AAA Credit but Junk Bond Politics

August 2nd, 2011



This piece was originally published in Politico.

What if there’s another recession? That’s still a threat, even if the debt deal passes. If the recession starts while Barack Obama is president, it would normally be called “the Obama recession.”

But maybe not this time. Because after the debt deal, The Republicans in Congress own this economy just as much as Obama does. They’re the ones who drove the deal — and if the economy goes into recession, they’ll bear a lot of the responsibility.

The deal initiates a new regime in American politics: The Scarlet A. We’re in for an era of Austerity. The huge spending cuts — half now, half five months from now — threaten to turn a fragile recovery into a double-dip recession.

Then the situation becomes dangerous and unpredictable. Several European countries, faced with debt crises, have initiated austerity regimes. The results aren’t pretty — suffering, protest and instability.

We’ve had 10 recessions in the United States since 1950. All but one started under a Republican president. The exception was the 1980 recession. President Jimmy Carter paid a high price for it. Our last recession started in 2007, under President George W. Bush. Obama was elected to end it.

Obama, however, was faced with an awful choice. If he had not made a deal with Republicans to avert default, it would have been October 2008 all over again — financial panic and a collapse of consumer confidence. His only other option was an austerity deal. That may lead to a similar outcome — only slower.

Democrats clearly lost on policy. The debt deal is all spending cuts and no new revenues. How did that happen? It happened because Republicans had all the leverage. Republicans were willing to accept default. So what if it brought down the nation’s economy? Higher taxes, in their view, would have been worse.

Given a choice between a bad deal (tax hikes) and default, Republicans were willing to allow default. Democrats were not. They took the bad deal (austerity).
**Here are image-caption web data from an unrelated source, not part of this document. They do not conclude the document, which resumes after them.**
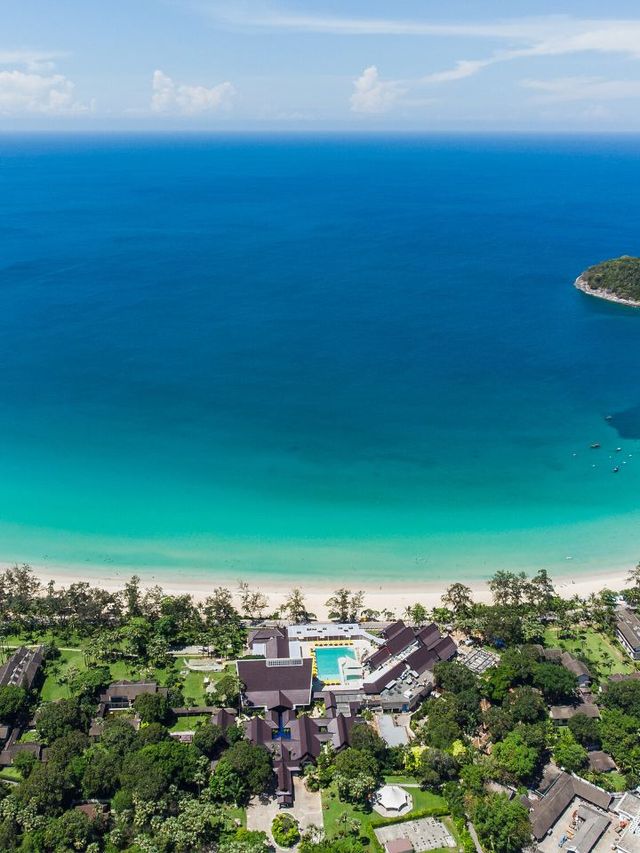 🌴🍹 Ultimate Phuket Bliss: Club Med's All-Inclusive Haven 🏖️✨ 🌴🍹 Ultimate Phuket Bliss: Club Med's All-Inclusive Haven 🏖️✨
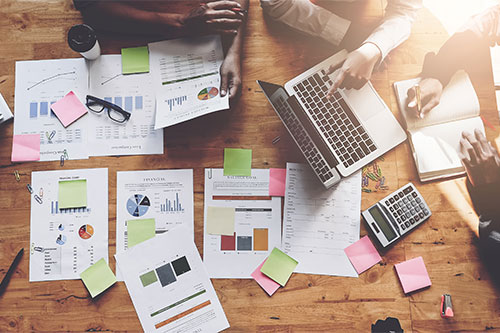 Are You Missing Something From Your Current Accounting and Tax Teams?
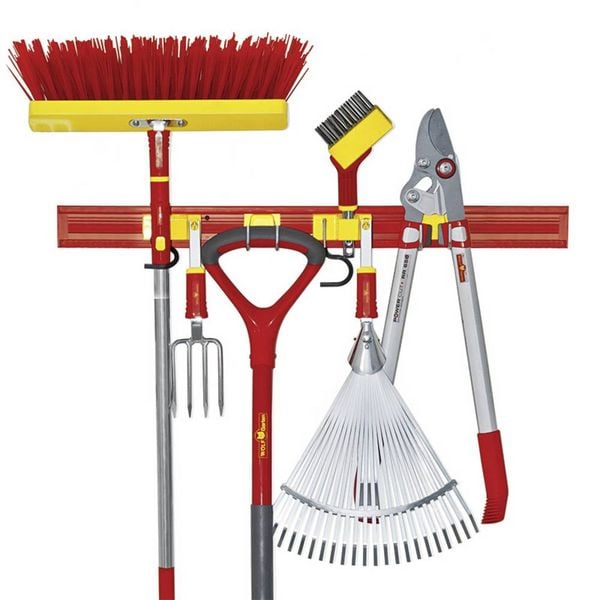 Produktbild: WOLF-Garten 79AMC001650 ORDNUNGSSCHIENE UM-M 1 St.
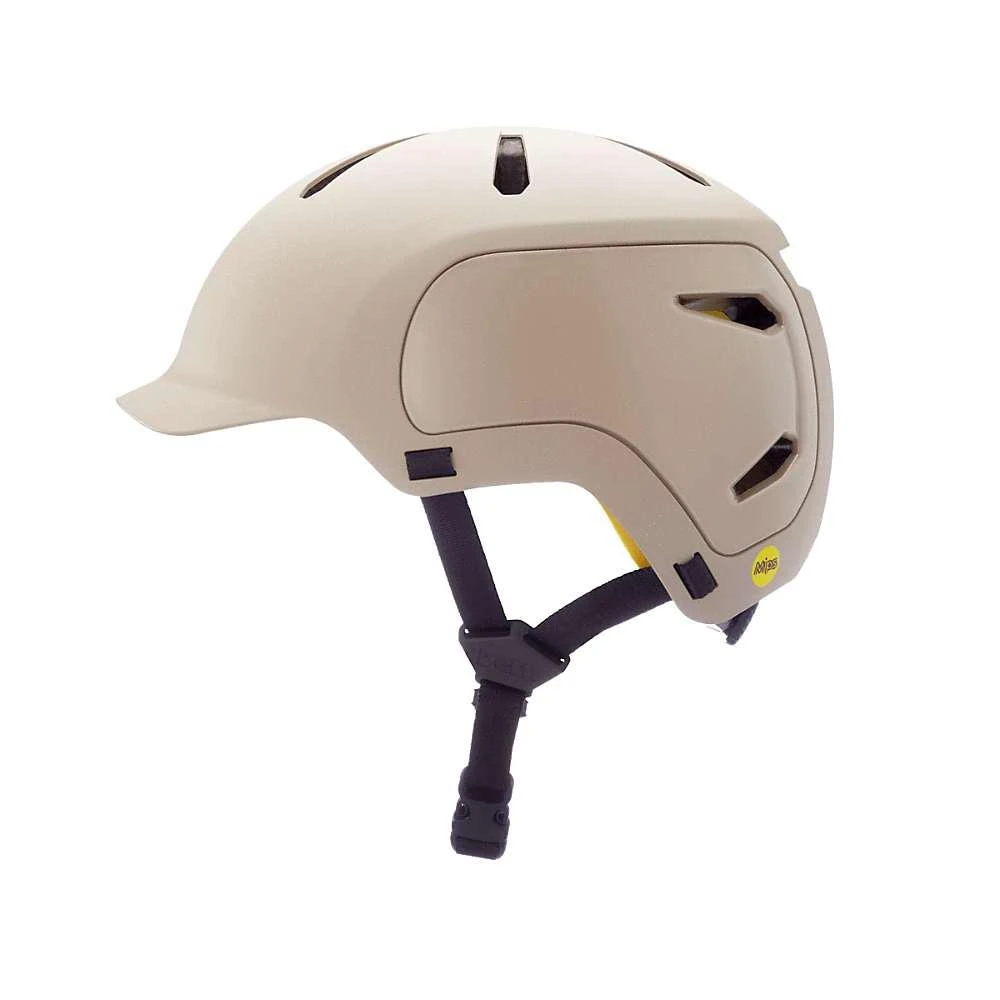 商品Bern|Bern Watts 2.0 Helmet - Bike,价格¥426,第5张图片详细描述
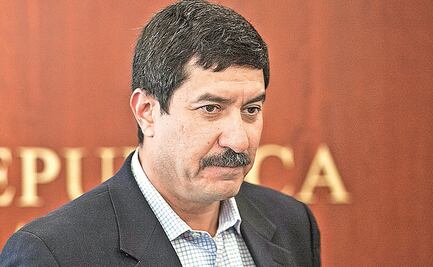 Corral regala ocho minutos a rarámuris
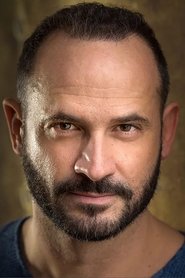 Francesco Sechi portrait
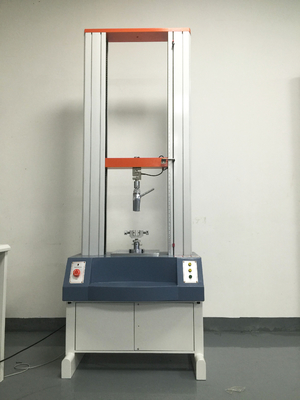 UTM Double Column Tensile Machine Universal Material Tensile Testing Equipment 20KN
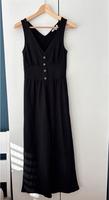 Jumpsuit Overall about you schwarz Gr. 34 Hessen - Babenhausen Vorschau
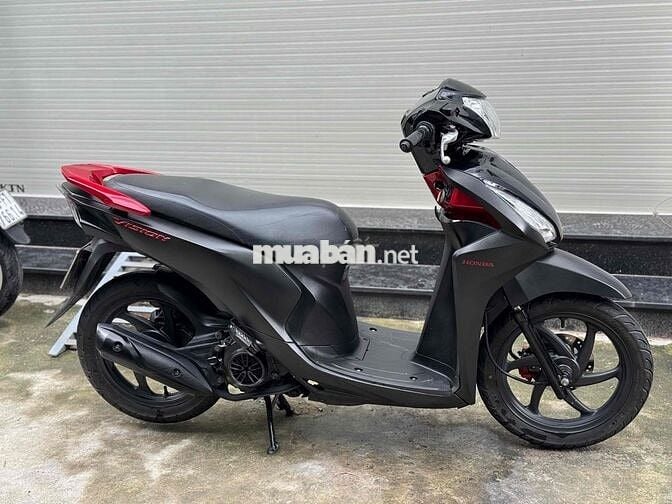 xe vision 2017 PBĐB cần bán
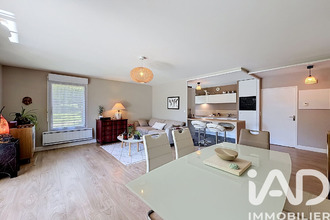 achat appartement l-isle-d-abeau 38080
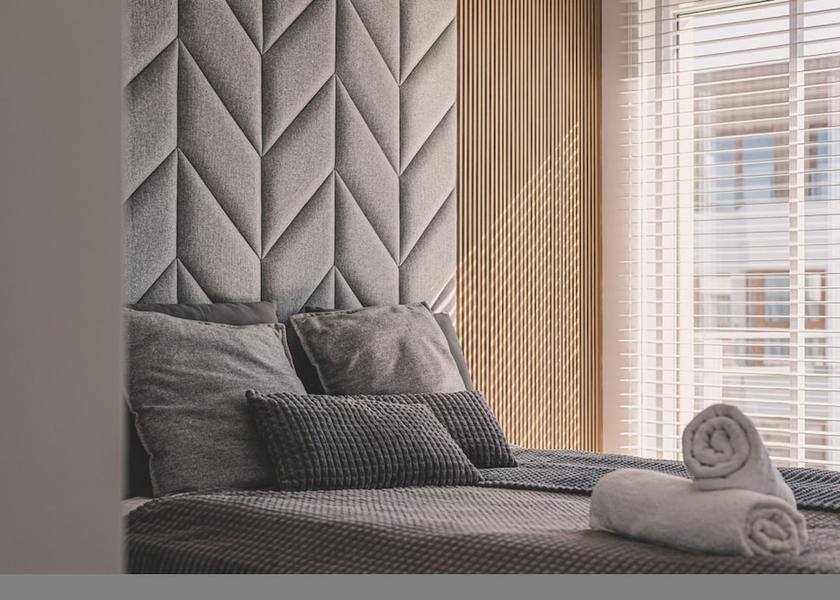 West Pomeranian Voivodeship Mielno Room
Democrats may have lost on policy, but they won on politics. Obama came across as the responsible adult. The polls showed voters favored compromise and a balanced plan — including tax increases on the wealthy. That was Obama’s position, and the voters trusted him more than they did the Republicans.

Republicans came across as extreme and dogmatic. The party of gridlock.

Nonetheless, Obama’s re-election numbers don’t look good. In last week’s Pew Research Center poll, only 41 percent say they want to see Obama re-elected. The reason is not the debt deal. It’s jobs.

Obama’s Democratic base is extremely unhappy with the debt deal. Any Democratic president other than Obama would very likely face a party rebellion — possibly even a primary challenge like the one Carter got from Edward M. Kennedy in 1980.

But that probably won’t happen to Obama. For one thing, Democrats are horrified by the tea party Republicans and do not want to do anything that could give them more power. There’s also the fact that Obama is African-American. Any Democrat who challenges Obama would deeply offend the party’s African-American base. That’s no way to score points with Democrats.

Democrats will have to rely on the fear factor to get out their base next year. Republicans already control the House, and we saw what that led to. Republicans have a good chance of taking control of the Senate as well next year — given the mix of Senate seats that are up.

If Republicans take the White House, too — well, just look at what happened in Wisconsin and Ohio and Florida when Republicans gained total power this year. Pretty scary.

If any party is likely to split next year, it’s the Republicans. The debt debate has opened up a huge divide between establishment and tea party Republicans. If Mitt Romney wins the Republican nomination, there’s a good chance that some of the many tea party factions will rally behind a third party candidate.

Remember, these people were willing to put the nation’s economy at risk. They certainly won’t have any compunctions about bringing the Republican Party down.

Democrats have something else going for them next year: The GOP now has skin in this game.

Republicans insist that debt reduction is the key to jobs. A lot of voters now believe that. In last month’s Washington Post-ABC News poll, 47 percent of Americans said they believe large cuts in federal spending will do more to create jobs, while 44 percent said spending cuts will lose jobs.

That proposition will now be tested. If austerity slows the economy down, it will not only increase job losses. It will also cause tax revenues to decline and make the debt problem worse. In other words, austerity may do the opposite of what Republicans claimed it would.

The debt deal is driven by politics, not economics. It proves to Americans what they already believe: Politics is the enemy of problem-solving.

The United States is now a country with a AAA credit rating and junk bond politics.